__Description of the task__. Pictures aside, print all of the data below exactly as written.
BEGIN Record set
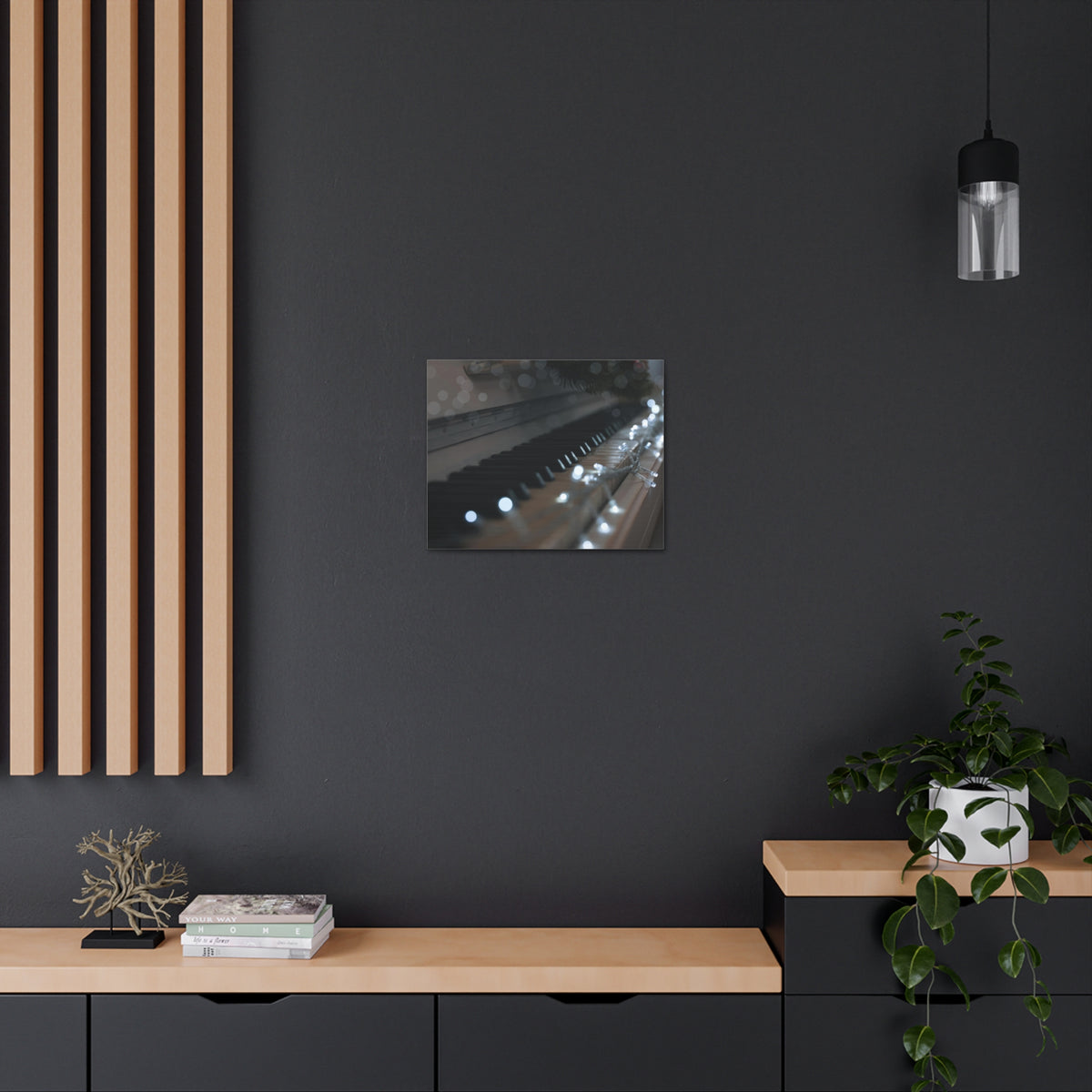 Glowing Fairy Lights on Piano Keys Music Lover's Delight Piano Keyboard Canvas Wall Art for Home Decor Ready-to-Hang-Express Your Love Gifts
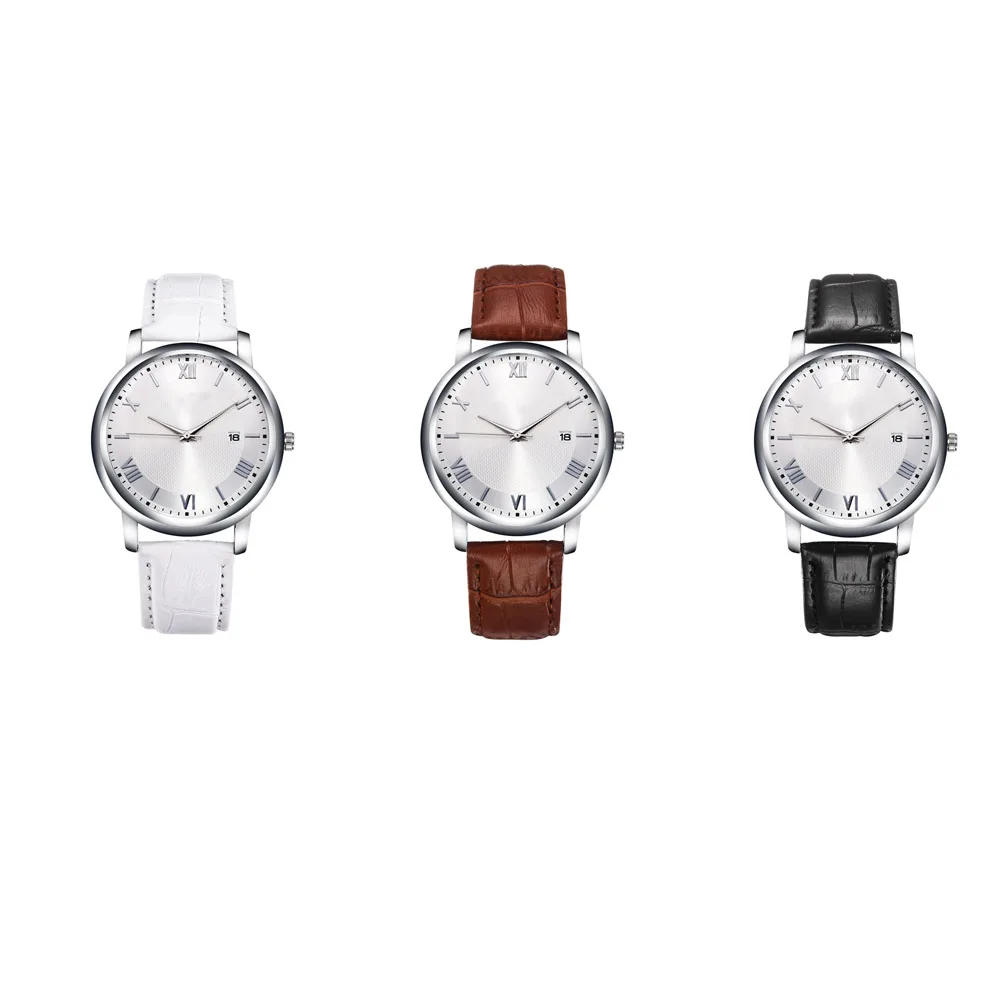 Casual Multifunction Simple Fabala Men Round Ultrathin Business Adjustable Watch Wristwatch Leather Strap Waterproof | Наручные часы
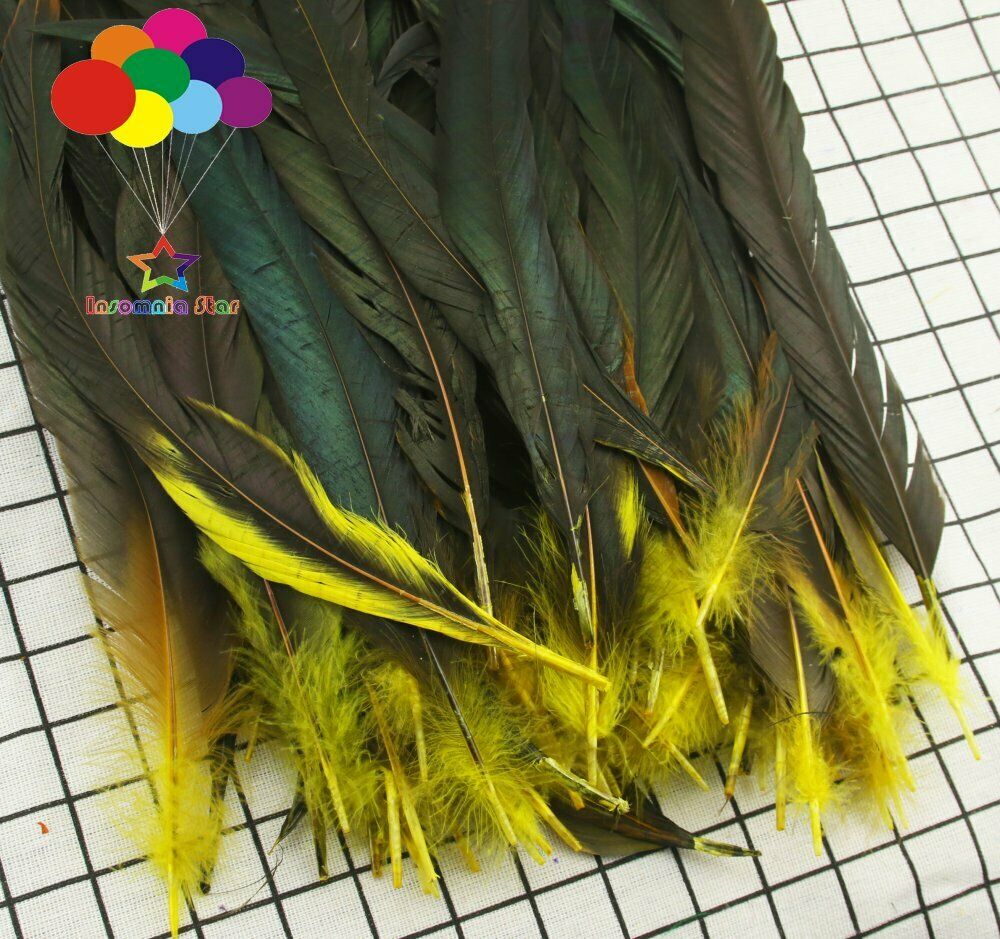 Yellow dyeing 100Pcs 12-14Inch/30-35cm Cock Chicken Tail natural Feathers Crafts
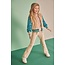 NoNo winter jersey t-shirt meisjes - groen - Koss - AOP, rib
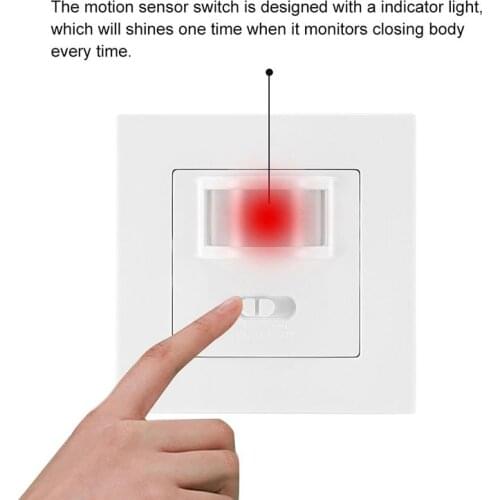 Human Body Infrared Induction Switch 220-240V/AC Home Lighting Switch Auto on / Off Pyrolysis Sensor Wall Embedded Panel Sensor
END Record set
__Response below__.
 Glowing Fairy Lights on Piano Keys Music Lover's Delight Piano Keyboard Canvas Wall Art for Home Decor Ready-to-Hang-Express Your Love Gifts
 Casual Multifunction Simple Fabala Men Round Ultrathin Business Adjustable Watch Wristwatch Leather Strap Waterproof | Наручные часы
 Yellow dyeing 100Pcs 12-14Inch/30-35cm Cock Chicken Tail natural Feathers Crafts
 NoNo winter jersey t-shirt meisjes - groen - Koss - AOP, rib
 Human Body Infrared Induction Switch 220-240V/AC Home Lighting Switch Auto on / Off Pyrolysis Sensor Wall Embedded Panel Sensor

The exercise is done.